What you have to do:
Output the listing in full. Every line stays exactly as it is.

Raw data Start Marker

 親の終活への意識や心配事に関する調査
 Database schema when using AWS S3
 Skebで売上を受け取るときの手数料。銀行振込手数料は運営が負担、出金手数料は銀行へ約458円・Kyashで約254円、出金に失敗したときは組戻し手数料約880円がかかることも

Raw data End Marker

Solved exercise:
 親の終活への意識や心配事に関する調査
 Database schema when using AWS S3
 Skebで売上を受け取るときの手数料。銀行振込手数料は運営が負担、出金手数料は銀行へ約458円・Kyashで約254円、出金に失敗したときは組戻し手数料約880円がかかることも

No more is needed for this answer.